A recent California Supreme Court decision has ruled that government agencies in the state can’t pass on the costs of privacy redactions in the course of fulfilling records requests. According to the ruling, the cost of redacting records that citizens file under the California Public Records Act (CPRA) falls on the state, and the state is funded by taxes. It’s a tiny bit of good news to come out of the last week that has seen nationwide protests, mass arrests, and police brutality. In other words, we’re living in a moment that’s going to generate a lot of records requests.
California bill SB-1421, which is part of the CPRA, went into effect in January 2019. It states that public records pertaining to police brutality were no longer confidential, i.e. incidents or crimes in which police discharge a firearm at a person, use of force that results in severe injury or death, sexual assault, or multiple findings of police dishonesty the requester could release publicly. However, such information needs to be redacted to conceal any personally identifying information not pertinent to the incident or crime.
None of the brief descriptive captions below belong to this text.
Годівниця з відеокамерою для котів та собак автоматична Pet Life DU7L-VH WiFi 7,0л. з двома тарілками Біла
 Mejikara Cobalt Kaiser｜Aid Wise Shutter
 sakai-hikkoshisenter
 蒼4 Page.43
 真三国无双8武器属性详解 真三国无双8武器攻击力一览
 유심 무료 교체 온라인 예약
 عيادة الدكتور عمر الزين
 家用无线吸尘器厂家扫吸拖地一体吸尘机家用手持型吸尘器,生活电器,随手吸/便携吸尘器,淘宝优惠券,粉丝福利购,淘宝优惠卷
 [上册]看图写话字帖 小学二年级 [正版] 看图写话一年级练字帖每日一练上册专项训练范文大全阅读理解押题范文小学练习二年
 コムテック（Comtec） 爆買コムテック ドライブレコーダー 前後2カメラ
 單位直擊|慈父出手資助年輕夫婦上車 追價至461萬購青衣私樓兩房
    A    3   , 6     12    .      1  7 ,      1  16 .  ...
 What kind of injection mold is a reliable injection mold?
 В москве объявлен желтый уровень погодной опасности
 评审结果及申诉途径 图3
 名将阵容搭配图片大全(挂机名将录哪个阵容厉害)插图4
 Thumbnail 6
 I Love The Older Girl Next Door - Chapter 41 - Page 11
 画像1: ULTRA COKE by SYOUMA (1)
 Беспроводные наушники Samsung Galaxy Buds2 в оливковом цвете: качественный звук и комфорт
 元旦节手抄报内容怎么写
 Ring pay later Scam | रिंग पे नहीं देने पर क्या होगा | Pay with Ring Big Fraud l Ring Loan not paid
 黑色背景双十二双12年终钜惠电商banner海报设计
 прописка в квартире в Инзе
But what law enforcement agencies often do is charge a redaction fee to the person or agency requesting that information under the CPRA before they receive it. Their argument is that pulling records and using resources to redact information from documents and videos takes time and resources, which it does, but sometimes these fees can be in excess of thousands of dollars, and not everyone has that kind of money.
In the case, National Lawyers Guild vs. Hayward, civil rights groups filed a request for bodycam footage related to the UC Berkeley protests following the deaths of Eric Garner and Michael Brown with the City of Hayward. While Hayward police said they would release the footage, the agency asserted that it would cost the NLG $3,000 to redact any personally identifying information before it could be released. “Here, the City of Hayward seeks to charge a records requester for approximately 40 hours its employees spent editing out exempt material from digital police body camera footage. The City claims that these costs are chargeable as costs of data extraction,” it says in the opening paragraph of the case document. However, the court ruled that the term “data extraction” does not “cover the process of redacting exempt material from otherwise disclosable electronic records.” After all, the court concluded, “agencies cannot recover the costs of searching through a filing cabinet for paper records.”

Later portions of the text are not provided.